Saturday, September 9, 2017

Checking the Drysuit

Those are Jean's fingers at the shoulders holding up
the drysuit she has disappeared behind.
The days are getting shorter, the nights cooler, and summer is gone.  The good news is that seasonal cycles bring us back to fall, one of the shoulder seasons, and for most people, the best one.  It also means that squirrels and monarch butterflies will soon be facing harder times, and they remind us that we will as well.  With the coming winter, we will again bet our survivals on our drysuits or wetsuits.  If they are five years old, it’s best to check the gaskets and zippers.  If one gasket is dry rotted or torn, we know the others will follow in quick order.  If one needs replacing, replace them all.  Before we need to rely on them, and before the repair facilities get buried in suits needing work, now is the time to get them packaged and on their way. 

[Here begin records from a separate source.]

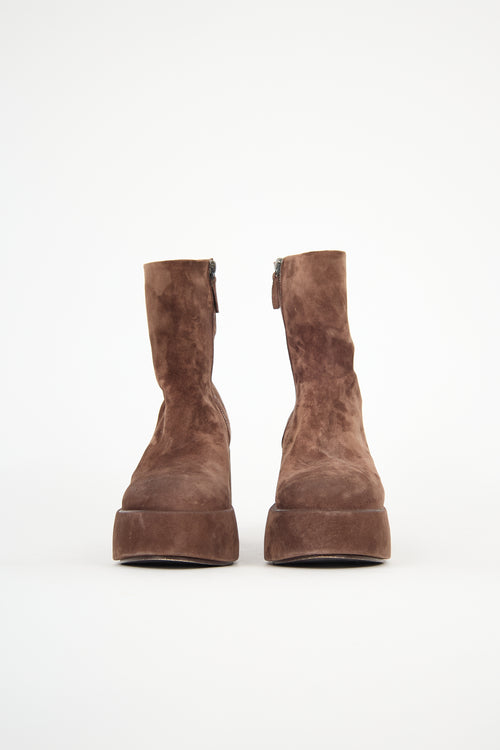 Marsèll Suede Tacplat Boot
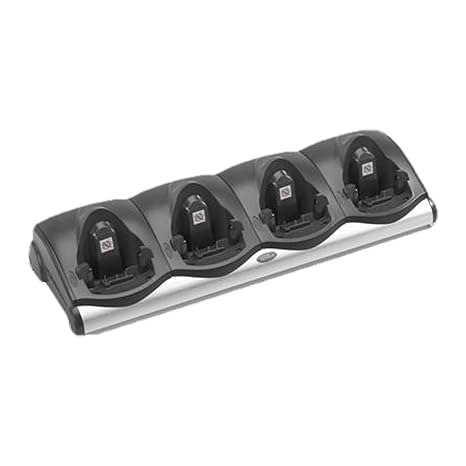 Zebra Technologies CRD9101-4001CR 4- Slot Charge Cradle for MC9000 and MC9190 Barcode Scanners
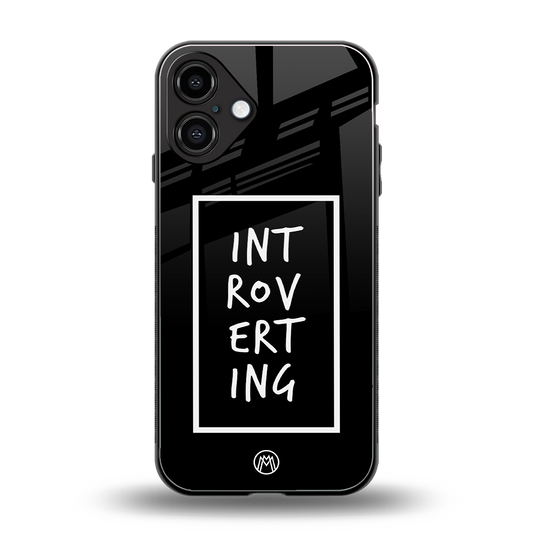 introverting back phone cover | glass case for iphone 16 plus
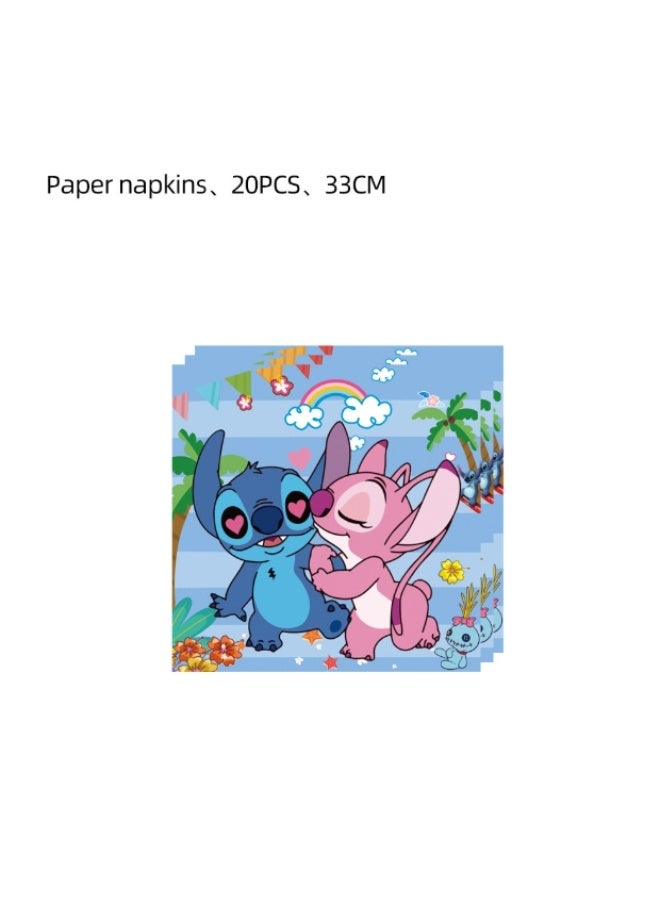 ستيتش 58 قطعة طقم حفلة عيد ميلاد يمكن التخلص منها تحت عنوان غرزة - Image 4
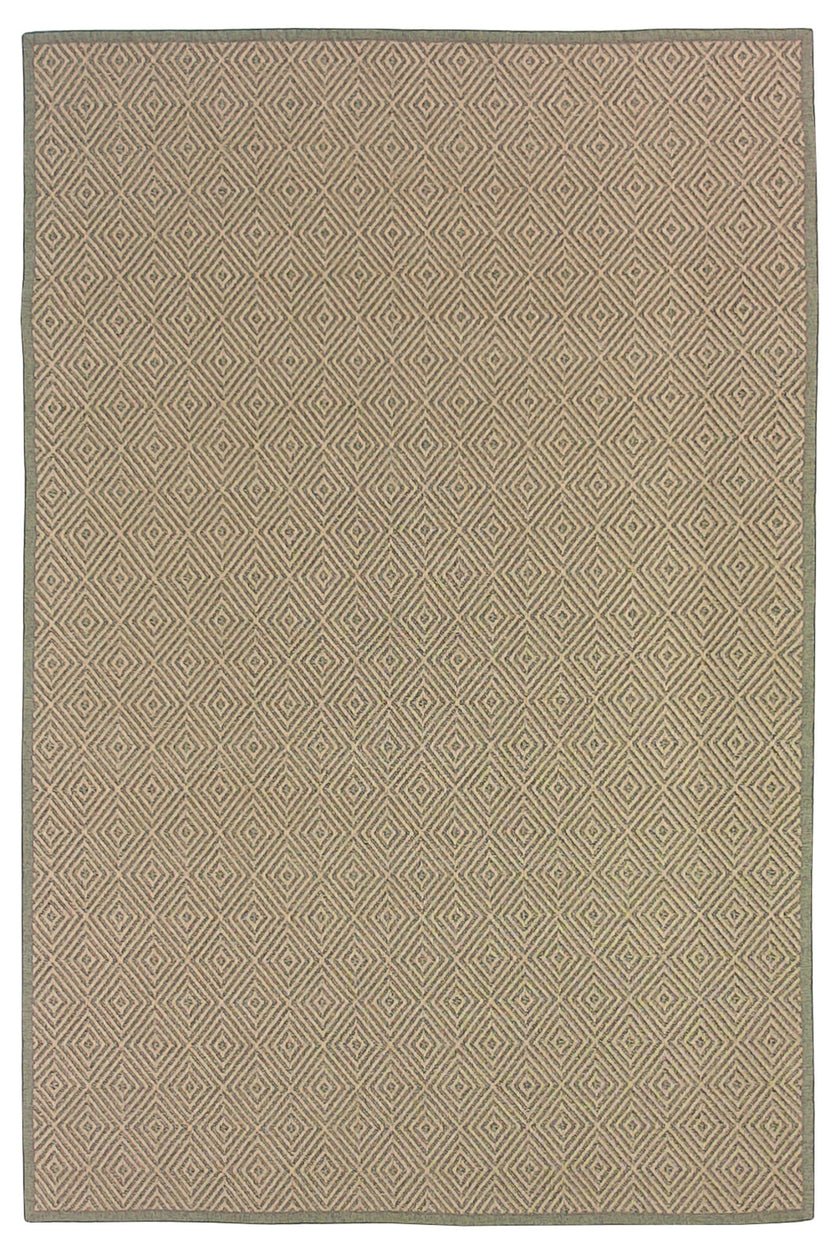 Seasons Diamond Outdoor Rug 200x300 - Natural Khaki - Boho Bliss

My drysuit is a Stohlquist.  I called them to discuss the work I needed, and they gave me the contact information for their authorized repair facility, and a shipping authorization.  The one part of their coverage that has always distressed me, however, is the assurance that they can handle punctures from snake bites.  I would rather not have to utilize that service, but thanks anyhow.  I did have both sleeve gaskets and the neck gasket replaced.  Not only was the work beautifully done, but they also cleaned the suit so it came back looking brand new.  As long as the water doesn’t turn hard, I and my Stohlquist are ready.  Thank you, Stohlquist.